*** Opening DATA TO EXAMINE ***

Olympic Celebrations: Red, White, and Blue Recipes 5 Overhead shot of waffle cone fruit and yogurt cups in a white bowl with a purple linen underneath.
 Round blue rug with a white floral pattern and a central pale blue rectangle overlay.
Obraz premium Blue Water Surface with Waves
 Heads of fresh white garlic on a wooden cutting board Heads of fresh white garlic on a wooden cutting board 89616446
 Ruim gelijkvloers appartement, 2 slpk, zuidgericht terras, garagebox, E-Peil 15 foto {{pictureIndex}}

*** Closing DATA TO EXAMINE ***

Look back at the records above. Repeat all of them exactly.

Olympic Celebrations: Red, White, and Blue Recipes 5 Overhead shot of waffle cone fruit and yogurt cups in a white bowl with a purple linen underneath.
 Round blue rug with a white floral pattern and a central pale blue rectangle overlay.
Obraz premium Blue Water Surface with Waves
 Heads of fresh white garlic on a wooden cutting board Heads of fresh white garlic on a wooden cutting board 89616446
 Ruim gelijkvloers appartement, 2 slpk, zuidgericht terras, garagebox, E-Peil 15 foto {{pictureIndex}}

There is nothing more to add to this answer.